Quantum probabilities in competing lizard communities

Abstract

Despite predictive success, population dynamics and evolutionary game theory still pose fundamental problems. Violation of the competitive exclusion principle in plankton communities provides an example. A promising solution of this ‘paradox of the plankton’ comes from theories involving cyclic competition, an evolutionary analogue of the classical rock-paper-scissors (RPS) game. However, modeling probabilistic RPS structures, one encounters a fundamental difficulty: the pairs rock-scissors, scissors-paper, and paper-rock possess representations in separate Kolmogorovian probability spaces, but a single global probability space for entire triplets does not exist.
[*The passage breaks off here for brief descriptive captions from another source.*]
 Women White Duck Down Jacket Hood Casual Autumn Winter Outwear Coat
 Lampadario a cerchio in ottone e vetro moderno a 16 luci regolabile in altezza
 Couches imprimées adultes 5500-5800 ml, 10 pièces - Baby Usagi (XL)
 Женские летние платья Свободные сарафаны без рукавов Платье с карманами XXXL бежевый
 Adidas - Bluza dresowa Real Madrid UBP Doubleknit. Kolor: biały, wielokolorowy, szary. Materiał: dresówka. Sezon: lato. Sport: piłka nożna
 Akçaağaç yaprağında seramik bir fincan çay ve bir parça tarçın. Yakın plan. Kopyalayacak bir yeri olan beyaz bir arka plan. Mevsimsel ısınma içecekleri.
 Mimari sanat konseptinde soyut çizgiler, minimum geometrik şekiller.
Populations that take part in cyclic competition should therefore involve probabilistic incompatibilities, analogous to those occurring in quantum mechanics. Here, using experimental data collected from 1990 to 2011 on the RPS cycles of lizards, we show that the incompatibilities are indeed unavoidable, and the data cannot be reconstructed from a single Kolmogorovian probability space. We then prove that the effect is genuinely quantum probabilistic, i.e. all the probabilities can be formulated in terms of a single density matrix and a set of non-commuting projectors. This formal quantum structure is dormant in games where probabilities of strategies do not entangle with probabilities of payoffs, and thus could be overlooked. In more realistic scenarios, involving games ‘with ace in a sleeve’, the non-Kolmogorovian structure can be activated. Surprisingly, lizards occasionally do play such games. In consequence, the formalism of evolutionary games, similarly to quantum mechanics, should begin with density matrix equations. Implications of our finding extend beyond lizard communities, given that RPS games are common in nature and higher dimensional RPS games may be even more common in ecosystems.